You did actually misread the test code :-) ... The Strings there are immediately turned into a char[] array. That is what the parser works on. You could read from a Reader directly into a char[] array.

[jjenkov]

I have read this now:

http://www.cowtowncoder.com/blog/archives/2011/05/entry_455.html

Issue 1 and 2 are not occurring in this test. I test using 3 different file sizes. I considered testing using a 1MB file too, but I left it out.

I would agree that 3 is a wrong claim. Making a benchmark that omits character decoding from UTF-8 to char is actually the correct way of measuring the performance of the parser itself. Otherwise you are falsely including conversion time in the benchmark. When benchmarking parsers you are not trying to find out the speed difference between using the two parsers in your final app. You are trying to find out just exactly which one is fastest at exactly, and only the parsing part. Everything else should be isolated from the benchmark, or it will be incorrect.

Anyways, I discuss both 3 and 4 in the article that links to this repository.

[cowtowncoder]

Thank you for considering my suggestions.

I agree in that 1 and 2 are not problem here (good!). Number 4 is also something to document; there is no strictly right or wrong option, just different choices and comparisons.

I only disagree with respect to 3. The specific reason for this is that there are multiple ways to handle JSON parsing; and having separate passes for UTF-8 (or UTF-16, UTF-32, other JSON support encodings) and tokenization is not the optimal way to do it. Because of this some libraries (notably, Jackson) combine the two for a single-pass processing. Because of this reason end-to-end (from input from network or file system) performance will not necessarily be measured using the optimal method.

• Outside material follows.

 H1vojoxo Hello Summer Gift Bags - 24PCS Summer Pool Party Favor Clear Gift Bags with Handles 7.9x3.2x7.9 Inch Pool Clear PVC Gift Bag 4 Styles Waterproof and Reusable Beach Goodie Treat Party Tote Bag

But be that as it may, and I respect your opinion as the author. As long as entry 3 is discussed, it is better than omitting -- and this is improvement over many other benchmarks I have seen.

[slandelle]

@cowtowncoder Hi Tatu. Do you have any up-to-date benchmark that would show how your approach significantly improves performance, please?

[jjenkov]

@cowtowncoder Ah, now I see what you mean. While decoding does not really have anything to do with the parser itself, it is still part of the overall job performed when parsing - and therefore interesting to know how it is done (incl. its performance) when choosing a parser for your next project.

[cowtowncoder]

@slandelle jvm-serializers does have quite a few variations, including Jackson databinding that is given java.lang.String as source. But I don't know if there is a good exclusive test to show the exact difference (even if given String, it is not exact apples-to-apples for that test). Maybe I should write a test to outline difference for Jackson as a case study -- its effects for other implementations can of course vary. In the meantime if you do want to see jvm-serializer project, variations excluded are commented out in BenchmarkRunner; reason being that number of test cases has exploded so it is necessary to do some pruning for published results.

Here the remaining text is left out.